▶ **Records**
===

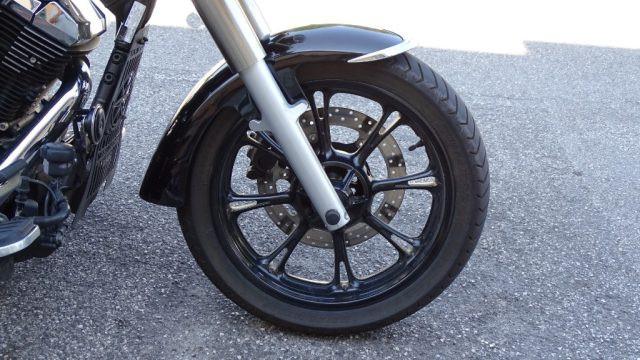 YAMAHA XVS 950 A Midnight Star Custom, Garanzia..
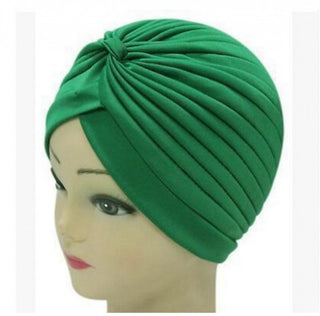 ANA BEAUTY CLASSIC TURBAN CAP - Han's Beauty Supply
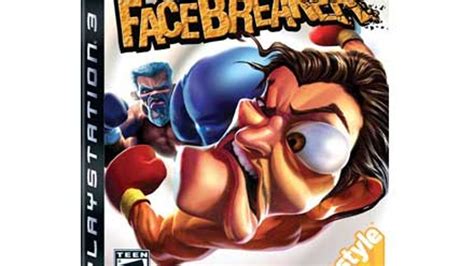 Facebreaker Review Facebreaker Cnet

===

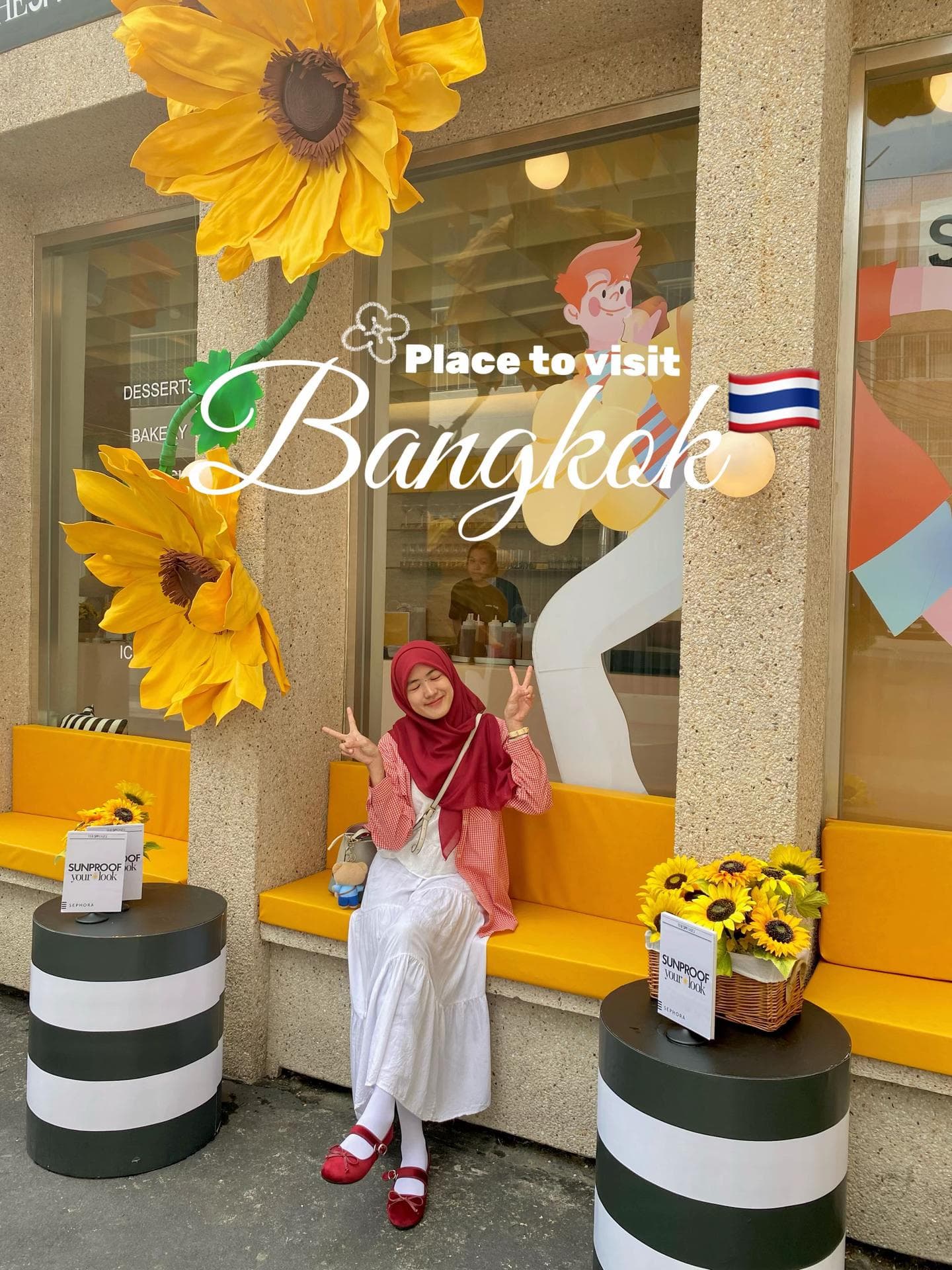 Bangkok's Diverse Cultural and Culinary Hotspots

===

▶ **Work to complete**
What should come back is an exact copy of the lines above from the line with "ANA BEAUTY CLASSIC" to the line with "Facebreaker Review Facebreaker Cnet", both included, minus the pictures.

▶ **Finished task**
 ANA BEAUTY CLASSIC TURBAN CAP - Han's Beauty Supply
 Facebreaker Review Facebreaker Cnet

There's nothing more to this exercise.